Lync integration. Like any other Microsoft server (or service), SharePoint doesn't stand alone. It also integrates with related servers (and services), including most notably, Lync, Microsoft's new presence and communications solution. This is particularly compelling in Office 365, since that service includes hosted versions of both SharePoint and Lync, giving many customers their first peek at both, and at how they can work together. At the simplest level, the true power of this integration occurs because every object created in SharePoint is tagged with, among other things, the creator of that object, along with information about who last modified the object. So from virtually anywhere in SharePoint, you can reach out to those people, see their availability and schedule, and link up with them in many ways, including email, text chat, Lync call (audio), video chat, and so on.

Availability

As noted previously, SharePoint is available in both on-premise and hosted forms, and there are various SharePoint clients that work with both as well.

The on-premise versions of SharePoint 2010 are now divided into a free option called SharePoint Foundation 2010, which can actually be installed on a Windows 7 desktop for development or testing purposes, and SharePoint Server 2010, which is of course the full-fledged version of the product. Microsoft's hosted version of SharePoint 2010 is called SharePoint Online and is now available via Office 365. Pricing starts at $6 per user per month for individuals and small businesses.

On the PC client, Microsoft offers two clients. SharePoint Workspace 2010 comes in various versions of the Microsoft Office 2010 suite and even as a standalone application. SharePoint Workspace (previously known as Office Groove) lets you seamlessly access your SharePoint sites content from anywhere, and do so while offline. You can also sync folders in Windows to SharePoint so that locally edited files are always synced back to SharePoint as well.

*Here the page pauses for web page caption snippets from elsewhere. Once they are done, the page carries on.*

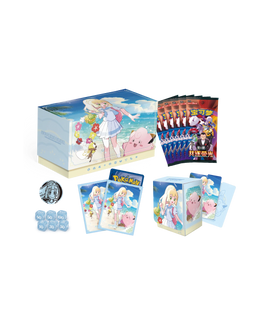 Pokémon TCG: Lillie Battle Set Gift Box - Simplified Chinese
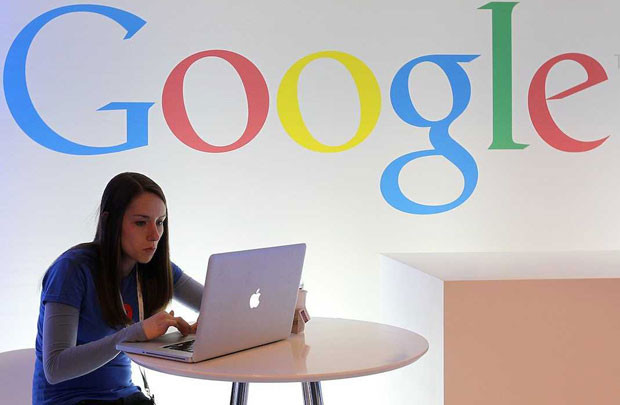 Google bị tố trả lương thấp cho nhân viên nữ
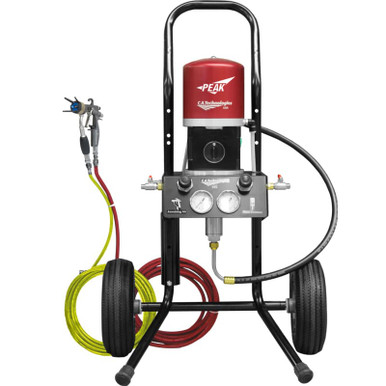 CA Technologies PK-OGM14-C5-BL411 Air Assisted Airless Outfit, Bobcat with GM4700 Gun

There's also a SharePoint Designer 2010 client that you can download for free from the Microsoft web site; this application lets you design, customize, and manage web sites in any version of SharePoint 2010 using an Office-like UI.

(It's worth noting that Microsoft Office applications like Word, Excel, OneNote and so on also integrate nicely with SharePoint, and that's true regardless of whether you use SharePoint Workspace.)

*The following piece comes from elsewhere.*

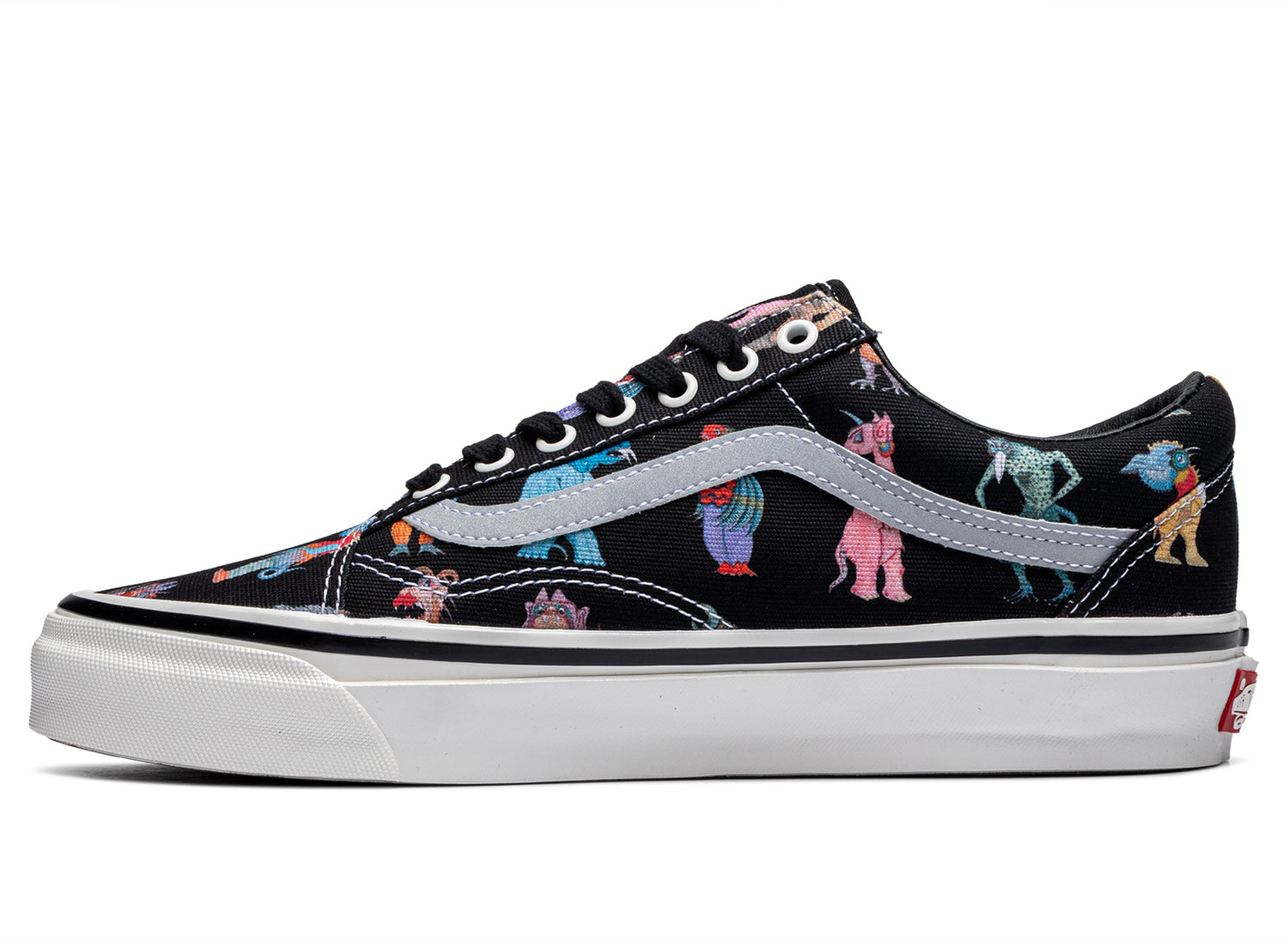 Vans OTW Old Skool Undercover 'Monster Black' – Oneness Boutique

Also, Microsoft offers nice integration in Windows Phone as well, and it's getting even better in Windows Phone "Mango", which will feature explicit support for Office 365 too. This functionality is built-in, and comes free with every Windows Phone. (Mango will be a free update as well.)

What's next?

So I've only touched the surface here, of course. But for the remainder of this series, I'm going to dive deeper into individual SharePoint 2010 and SharePoint Online capabilities, providing a more detailed view of what's possible in this exciting on premise and hosted collaboration solution. If you're mystified by SharePoint, as I was, you may also be interested in the ways in which my Windows 8 Secrets co-author Rafael Rivera and I are already using SharePoint (Online, in Office 365) to collaborate on this next book, sharing documents, notes, and other information in real time. I'll document that process throughout this series as well.